[Scraped caption text data]
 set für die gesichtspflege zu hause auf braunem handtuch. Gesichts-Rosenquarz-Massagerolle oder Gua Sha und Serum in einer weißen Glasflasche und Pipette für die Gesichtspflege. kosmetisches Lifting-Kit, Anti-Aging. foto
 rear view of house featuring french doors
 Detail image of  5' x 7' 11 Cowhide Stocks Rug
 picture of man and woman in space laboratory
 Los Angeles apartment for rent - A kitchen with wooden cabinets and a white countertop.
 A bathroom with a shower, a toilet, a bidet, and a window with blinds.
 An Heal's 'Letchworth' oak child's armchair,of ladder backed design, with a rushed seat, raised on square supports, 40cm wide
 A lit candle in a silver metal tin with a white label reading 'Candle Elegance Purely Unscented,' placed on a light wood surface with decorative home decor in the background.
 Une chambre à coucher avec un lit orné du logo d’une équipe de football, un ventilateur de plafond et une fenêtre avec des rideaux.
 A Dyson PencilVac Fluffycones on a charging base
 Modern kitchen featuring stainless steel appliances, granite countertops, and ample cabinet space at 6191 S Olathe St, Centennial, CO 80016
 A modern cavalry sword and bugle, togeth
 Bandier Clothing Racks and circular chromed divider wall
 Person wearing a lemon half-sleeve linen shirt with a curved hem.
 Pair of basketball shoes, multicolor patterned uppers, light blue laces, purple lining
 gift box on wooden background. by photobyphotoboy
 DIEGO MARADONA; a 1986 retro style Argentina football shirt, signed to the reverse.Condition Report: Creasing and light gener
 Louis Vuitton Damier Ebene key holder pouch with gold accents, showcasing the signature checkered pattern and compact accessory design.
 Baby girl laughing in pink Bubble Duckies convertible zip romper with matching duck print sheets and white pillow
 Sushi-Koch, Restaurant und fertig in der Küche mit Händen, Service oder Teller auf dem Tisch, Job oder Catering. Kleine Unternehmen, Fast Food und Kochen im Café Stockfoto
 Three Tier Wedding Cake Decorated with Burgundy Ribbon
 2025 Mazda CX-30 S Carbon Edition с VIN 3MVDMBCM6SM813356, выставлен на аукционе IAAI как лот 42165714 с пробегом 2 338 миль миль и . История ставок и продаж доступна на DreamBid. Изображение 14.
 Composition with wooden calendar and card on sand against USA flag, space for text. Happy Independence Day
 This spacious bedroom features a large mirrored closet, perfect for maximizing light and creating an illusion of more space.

● **ACTION ITEM**: Output, please, only the lines running from the start of the entries through the line that contains "A modern cavalry sword and bugle, togeth", including both of those lines.

● **COMPLETED EXERCISE**:
 set für die gesichtspflege zu hause auf braunem handtuch. Gesichts-Rosenquarz-Massagerolle oder Gua Sha und Serum in einer weißen Glasflasche und Pipette für die Gesichtspflege. kosmetisches Lifting-Kit, Anti-Aging. foto
 rear view of house featuring french doors
 Detail image of  5' x 7' 11 Cowhide Stocks Rug
 picture of man and woman in space laboratory
 Los Angeles apartment for rent - A kitchen with wooden cabinets and a white countertop.
 A bathroom with a shower, a toilet, a bidet, and a window with blinds.
 An Heal's 'Letchworth' oak child's armchair,of ladder backed design, with a rushed seat, raised on square supports, 40cm wide
 A lit candle in a silver metal tin with a white label reading 'Candle Elegance Purely Unscented,' placed on a light wood surface with decorative home decor in the background.
 Une chambre à coucher avec un lit orné du logo d’une équipe de football, un ventilateur de plafond et une fenêtre avec des rideaux.
 A Dyson PencilVac Fluffycones on a charging base
 Modern kitchen featuring stainless steel appliances, granite countertops, and ample cabinet space at 6191 S Olathe St, Centennial, CO 80016
 A modern cavalry sword and bugle, togeth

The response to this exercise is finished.